• Task to carry out
Without copying any picture, return all lines below exactly.

• Supplied data
+--
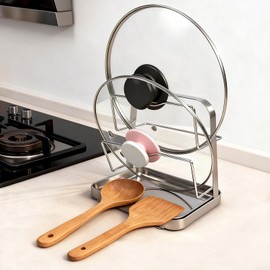 YJREW 304 Pot Lid Organizer & Spoon Rest, Pot Lid Holder Storage Rack for Kitchen Countertop, Multifunctional Stove Top Pot Cover Stand While Cooking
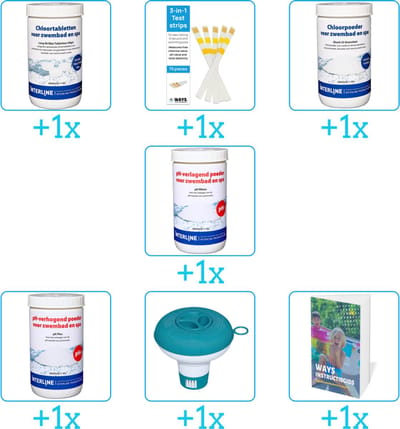 Zwembad Onderhoudspakket - Onderhoud Zwembad - bevat Chloor - Testrips - Chloor - PH-min - PH-plus - Chloordrijver en Zwembadgids (7-delig)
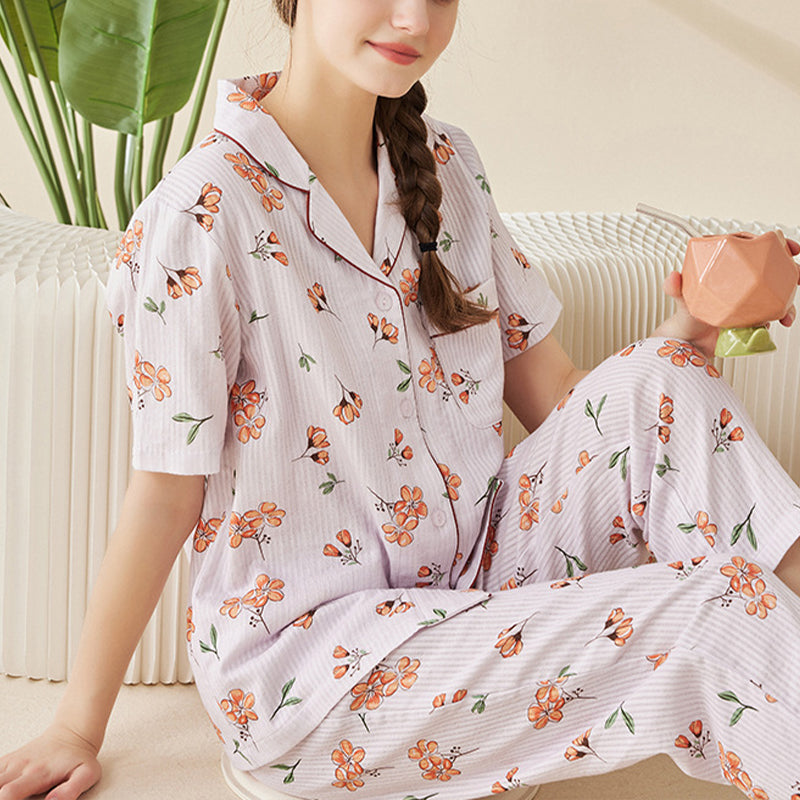 Floral Print Cotton Short Sleeved Pajama Set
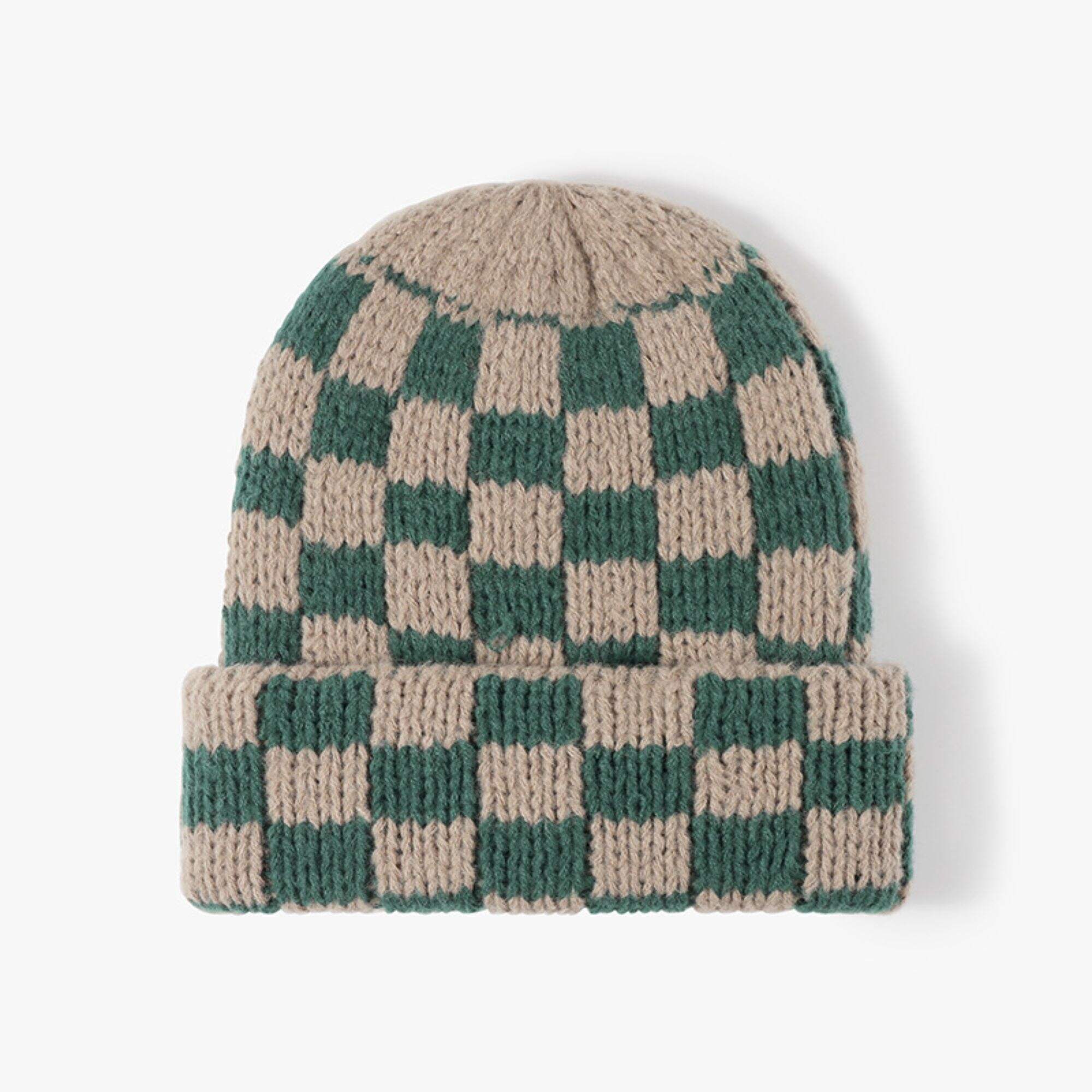 Plaid knitted beanie hat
+--
• Solved exercise
 YJREW 304 Pot Lid Organizer & Spoon Rest, Pot Lid Holder Storage Rack for Kitchen Countertop, Multifunctional Stove Top Pot Cover Stand While Cooking
 Zwembad Onderhoudspakket - Onderhoud Zwembad - bevat Chloor - Testrips - Chloor - PH-min - PH-plus - Chloordrijver en Zwembadgids (7-delig)
 Floral Print Cotton Short Sleeved Pajama Set
 Plaid knitted beanie hat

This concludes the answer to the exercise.